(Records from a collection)
[Start of Attachment]

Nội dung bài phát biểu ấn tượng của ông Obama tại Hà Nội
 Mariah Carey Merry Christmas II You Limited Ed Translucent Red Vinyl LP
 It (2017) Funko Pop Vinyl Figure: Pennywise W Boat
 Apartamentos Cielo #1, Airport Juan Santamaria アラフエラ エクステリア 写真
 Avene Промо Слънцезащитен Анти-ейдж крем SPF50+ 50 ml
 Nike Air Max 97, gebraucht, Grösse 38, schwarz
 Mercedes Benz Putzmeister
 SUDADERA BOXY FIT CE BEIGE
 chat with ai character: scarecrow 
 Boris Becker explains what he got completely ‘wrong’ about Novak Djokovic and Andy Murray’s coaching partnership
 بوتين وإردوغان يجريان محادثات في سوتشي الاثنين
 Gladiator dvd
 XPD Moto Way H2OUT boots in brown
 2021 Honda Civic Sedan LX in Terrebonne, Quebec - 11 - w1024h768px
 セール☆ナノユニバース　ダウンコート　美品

[End of Attachment]

* _Work item_
The word "Vinyl" appears in some lines above. Return every one of those lines.

* _Expected answer_
 Mariah Carey Merry Christmas II You Limited Ed Translucent Red Vinyl LP
 It (2017) Funko Pop Vinyl Figure: Pennywise W Boat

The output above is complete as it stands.